» AIM OF THE EXERCISE:
Make an exact copy of all the records, one that contains none of the pictures.

» EXERCISE INPUTS:
»»

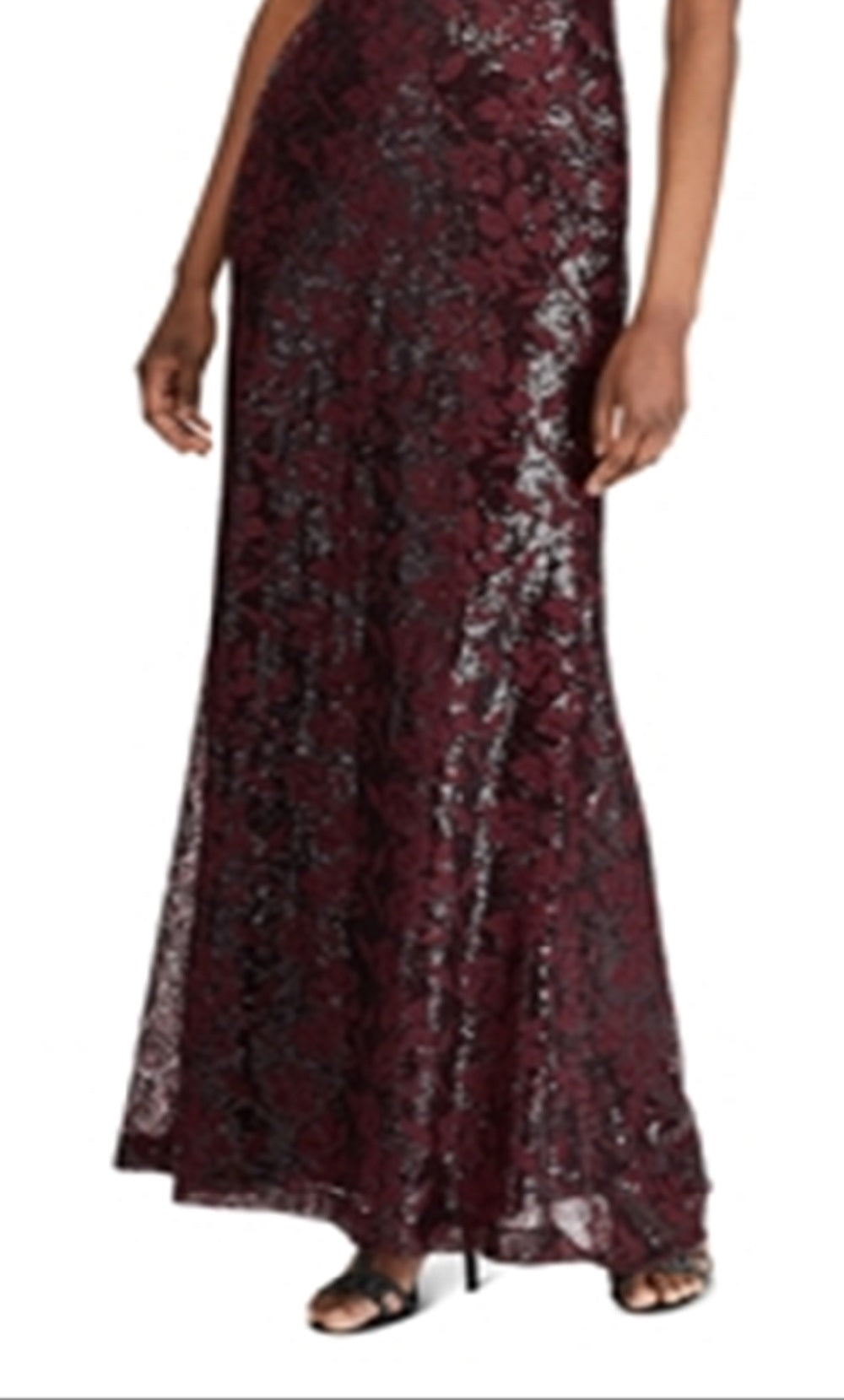 Vestido de noite feminino Ralph Lauren com lantejoulas, marrom, tamanho 16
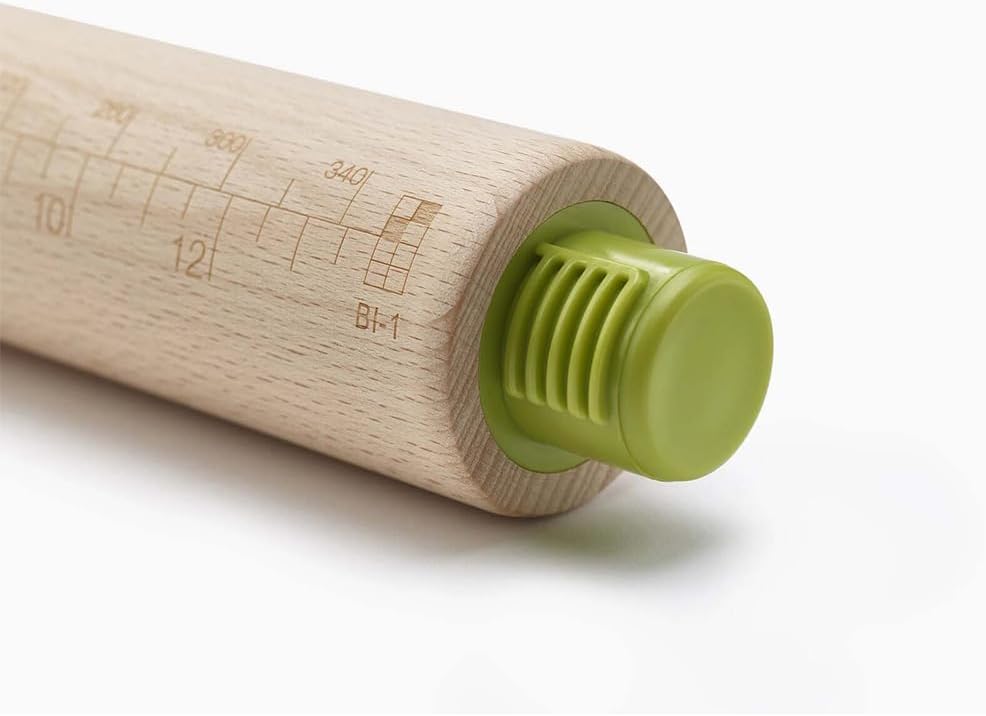 Joseph Joseph PrecisionPin - Rolling Pin with adjustable pastry thickness, Baking and dough rollers, Beech Wood, Pastel Blue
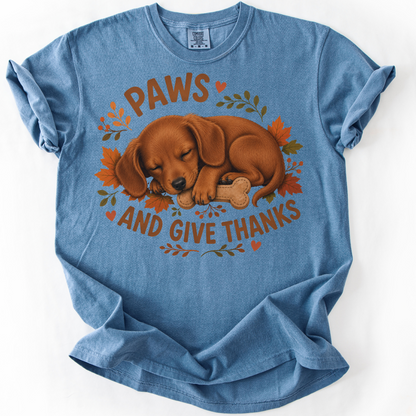 Red Dachshund Thanksgiving Shirt, Paws Give Thanks Tee, Fall Doxie Dog Lover Gift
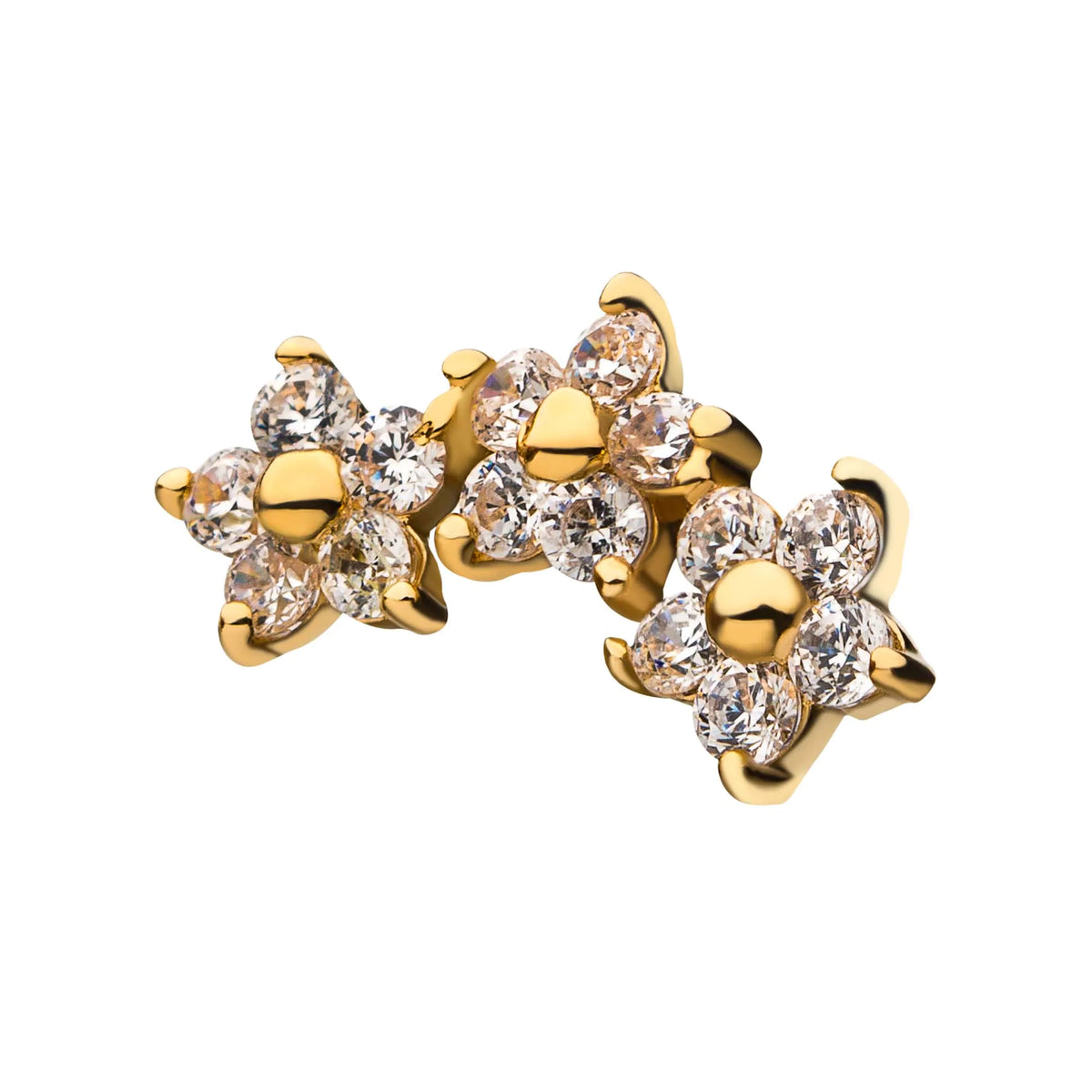 14Kt Yellow Gold Threadless 3-Curved Cluster Pronged Round CZ Flower Top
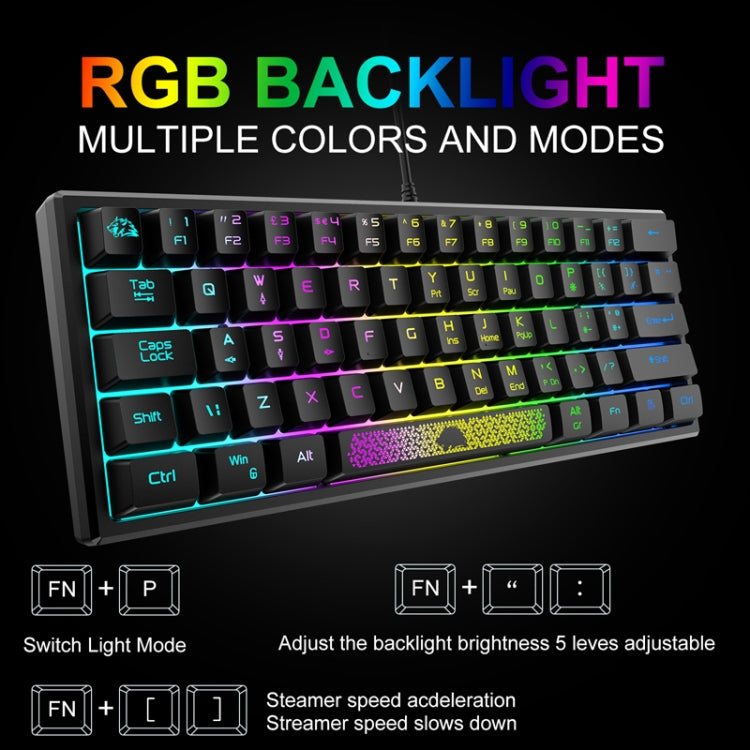 ZIYOULANG K61 62 Keys Game RGB Lighting Notebook Wired Keyboard, Cable Length: 1.5m(Black) - Wired Keyboard by ZIYOULANG | Online Shopping South Africa | PMC Jewellery | Buy Now Pay Later Mobicred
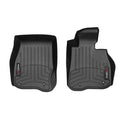 Weathertech Floorliner for BMW 4 Series Coupe/Gran Coupe/Cabrio (2014-2020, RWD) 1st row—two black molded mats with textured grooves, raised edges, and a small branded label provide superior floor protection and perfect vehicle fit.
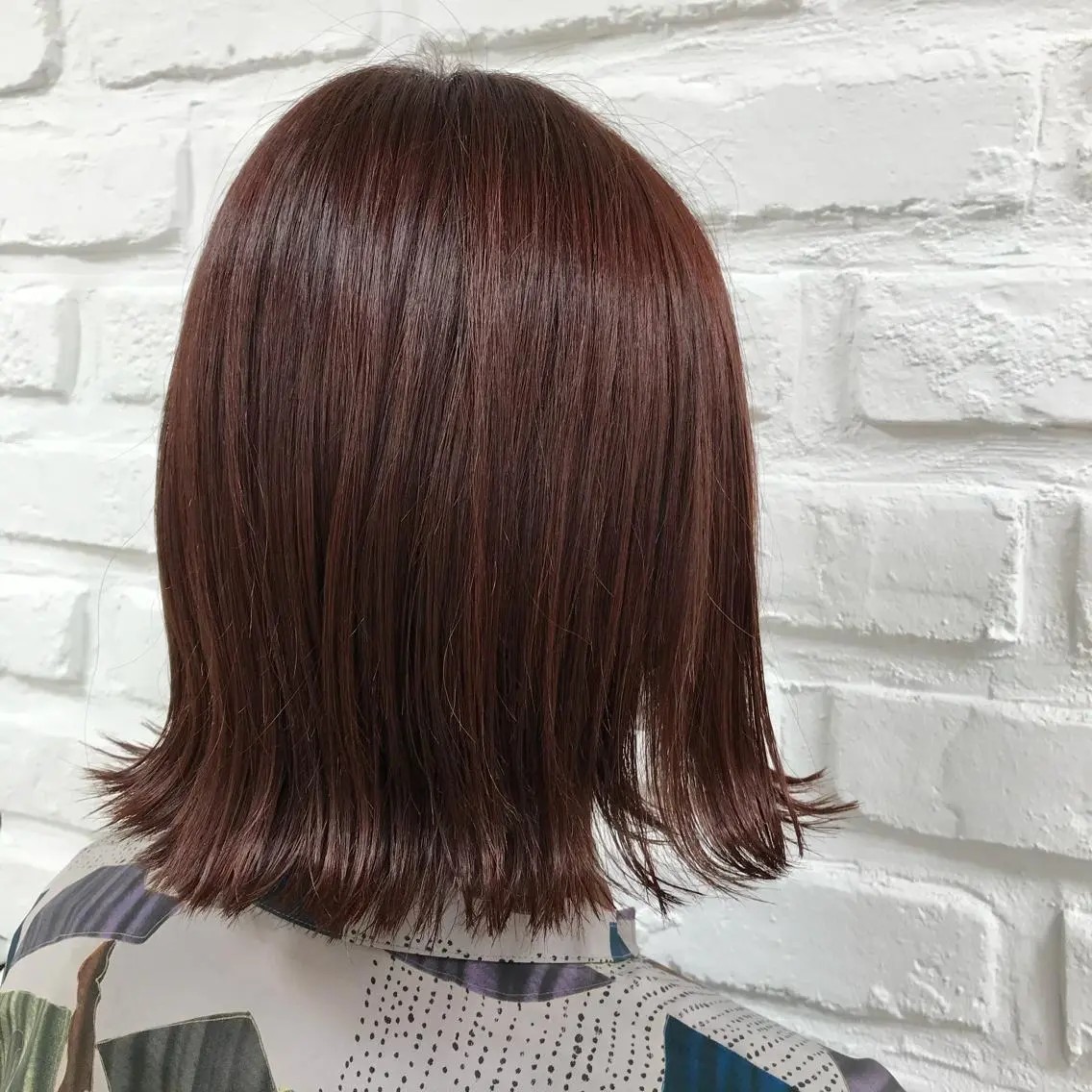 ミディアム カラー ブリーチ ブラウンカラー ブリーチなしカラー レッドカラー レッドブラウン カット ヘアカラー 【暖色カラー特化】 中山由梨のヘアスタイル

««

» REPLY TO THE EXERCISE:
 Vestido de noite feminino Ralph Lauren com lantejoulas, marrom, tamanho 16
 Joseph Joseph PrecisionPin - Rolling Pin with adjustable pastry thickness, Baking and dough rollers, Beech Wood, Pastel Blue
 Red Dachshund Thanksgiving Shirt, Paws Give Thanks Tee, Fall Doxie Dog Lover Gift
 14Kt Yellow Gold Threadless 3-Curved Cluster Pronged Round CZ Flower Top
 ZIYOULANG K61 62 Keys Game RGB Lighting Notebook Wired Keyboard, Cable Length: 1.5m(Black) - Wired Keyboard by ZIYOULANG | Online Shopping South Africa | PMC Jewellery | Buy Now Pay Later Mobicred
 Weathertech Floorliner for BMW 4 Series Coupe/Gran Coupe/Cabrio (2014-2020, RWD) 1st row—two black molded mats with textured grooves, raised edges, and a small branded label provide superior floor protection and perfect vehicle fit.
 ミディアム カラー ブリーチ ブラウンカラー ブリーチなしカラー レッドカラー レッドブラウン カット ヘアカラー 【暖色カラー特化】 中山由梨のヘアスタイル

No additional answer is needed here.